WHAT IS BEING ASKED: Copy exactly the lines from the line holding "Attractive single-Gathering home" through the end of the material, and no others; pictures stay out.

COLLECTED DATA:
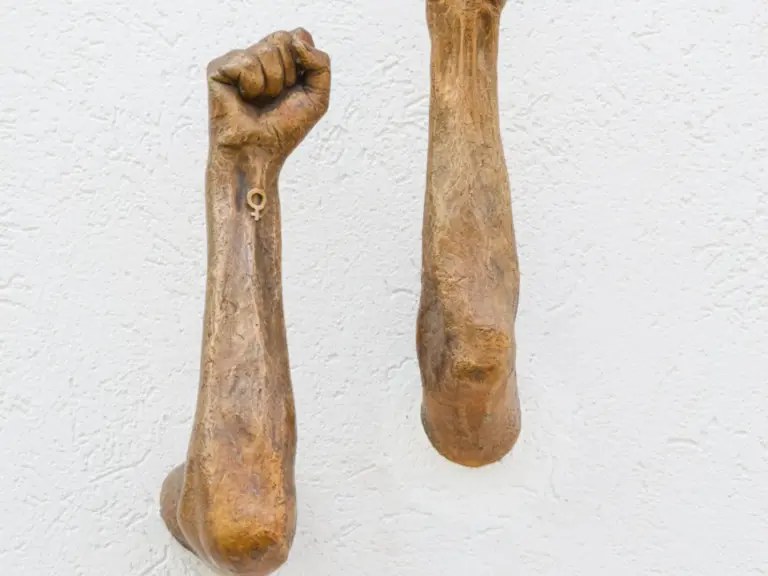Zwei bronzene, erhobene Fäuste ragen aus einer weissen Wand hervor.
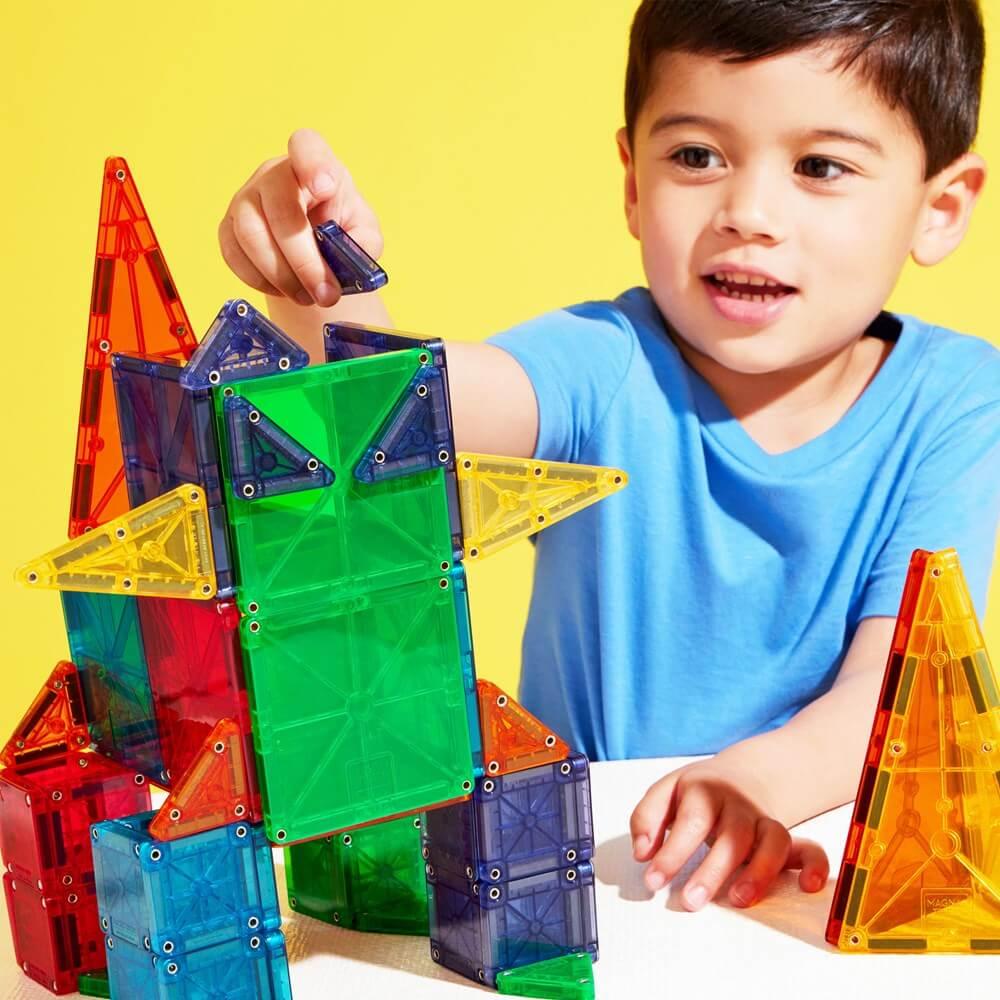 Child playing with colorful magnetic building blocks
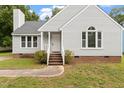 Attractive single-Gathering home featuring gray siding, classic windows and an inviting brick-lined entrance at 71 E Boxley Dr, Wendell, NC 27591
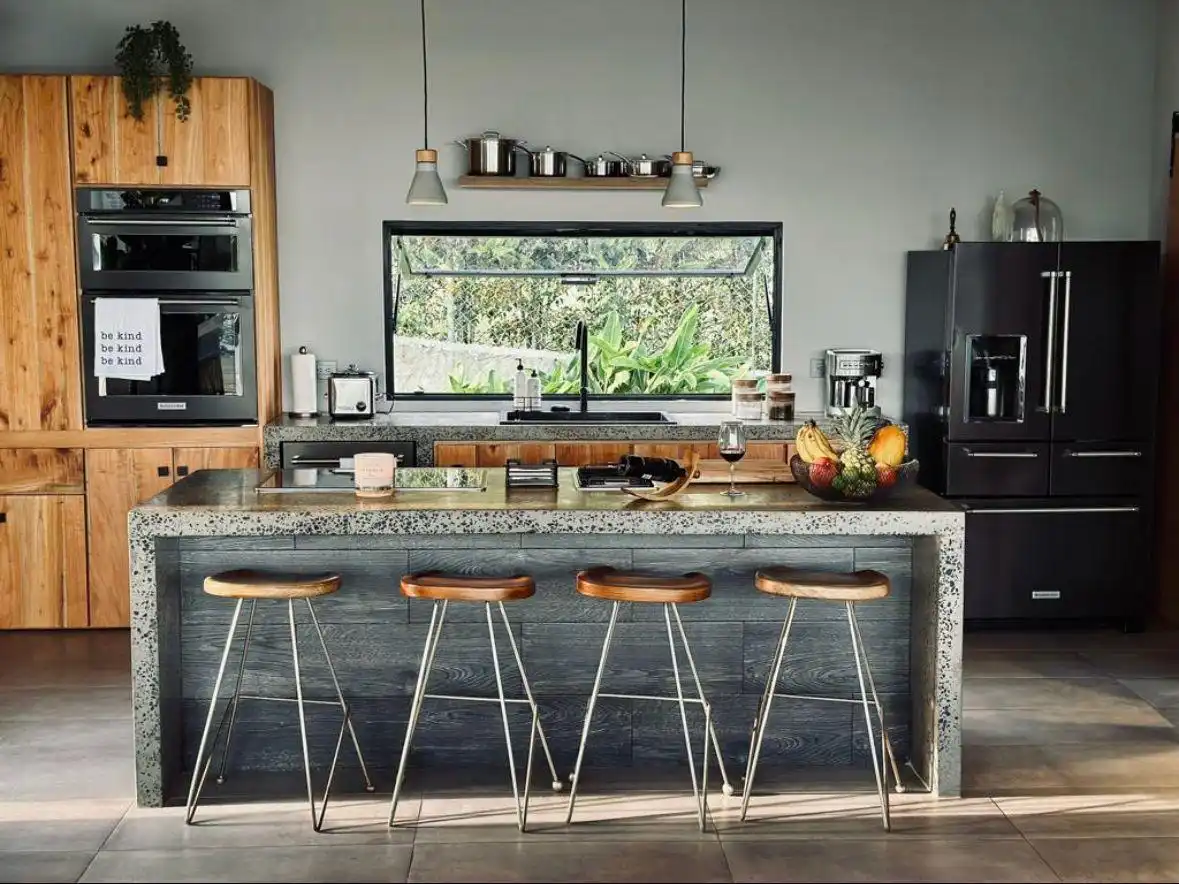 Cocina moderna en casa campestre con isla central, taburetes de madera y ventanal con vista al jardín.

TASK OUTPUT:
 Attractive single-Gathering home featuring gray siding, classic windows and an inviting brick-lined entrance at 71 E Boxley Dr, Wendell, NC 27591
 Cocina moderna en casa campestre con isla central, taburetes de madera y ventanal con vista al jardín.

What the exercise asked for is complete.